Rico baru berumur tujuh tahun. Aku mengkhawatirkan masa kanak - kanak Rico setelah ini. Tanpa kasih sayang orang tua yang lengkap. Tidak ada antar jemput saat sekolah. Padahal tahun ini dia akan ibu masukan kesekolah Dasar tapi takdir berkata lain.

Pandanganku tak luput dari dua orang yang sedang menuju ke arahku dengan lengan kiri ayah yang diapit oleh kedua lengan milik Sea.

"Kalian mau ikut dengan ayah?"

Dengarkanlah, nada suaranya saja seperti ingin mengajak berantem. Tidak ada lembut - lembutnya sama sekali. Menyebalkan.

Aku tidak tahu cara ayah berpikir itu bagaimana. Aku melirik kearah pintu kamar ibu yang dibuka. Menampilkan sebuah tas yang tidak terlalu besar.

Sakit rasanya melihat ibuku menangis begitu dalam. Lantas aku mengalihkan arah pandang ku kearah ayah.

"Tidak ayah, kami akan ikut bersama ibu."

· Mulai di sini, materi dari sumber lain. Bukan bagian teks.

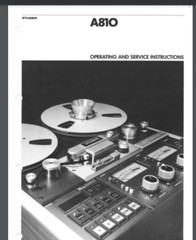 Studor A810 Reel to Reel Operating and Service Manual 179 pages Comb Bound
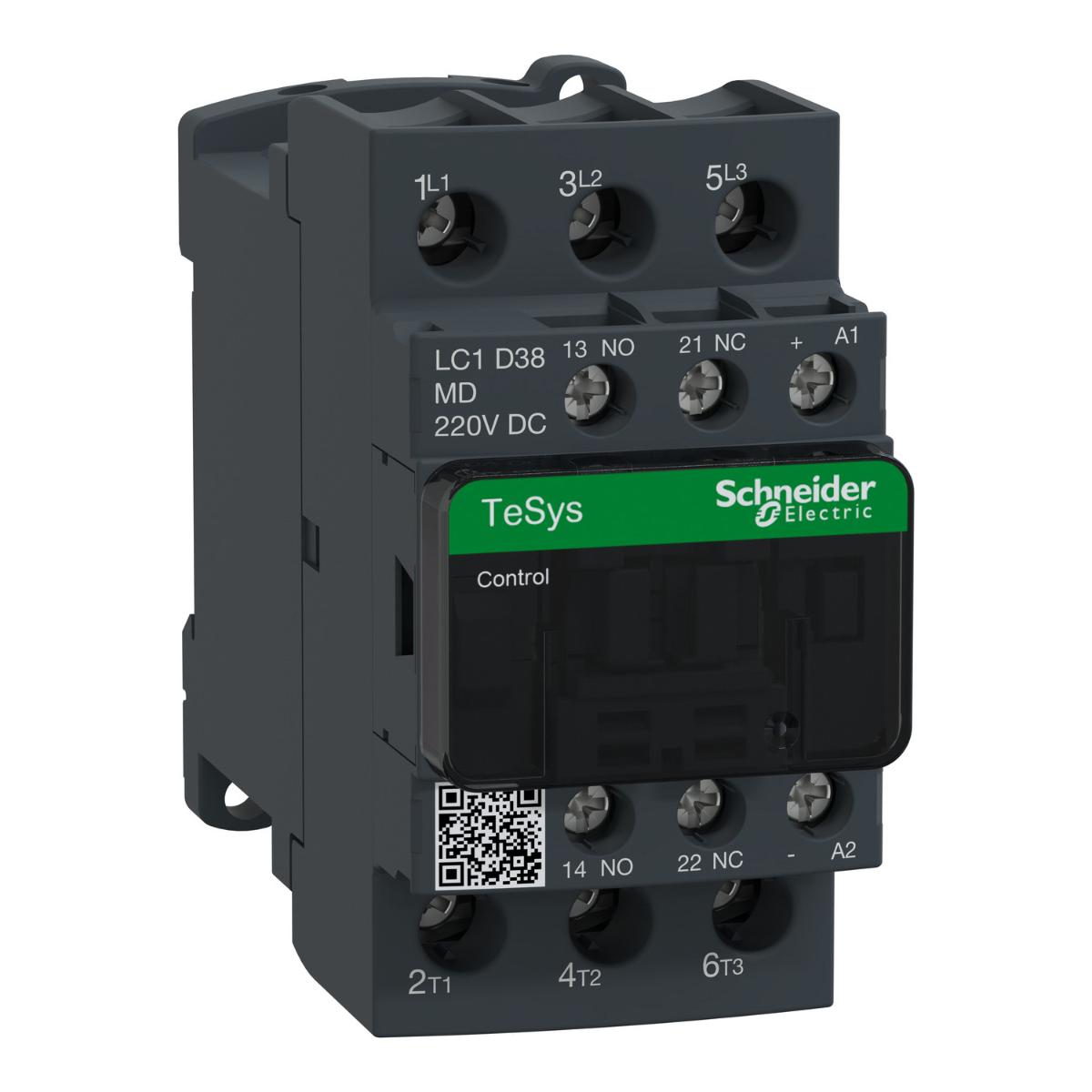 CONTACTOR 3P 38A AC3 18.5KW 220VDC COIL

"Baguslah tidak merepotkan."

Ingin marah, tapi tidak bisa. Bukan kah memendam kesedihan dan amarah bisa membuat kita stress? aku mengkhawatirkan keadaan ibuku saat ini.

"Kurasa bersama ibu lebih baik."

"Terserah kamu saja, ini uang untukmu." ayah memberikan amplop berwarna coklat sedikit agak tebal di hadapanku.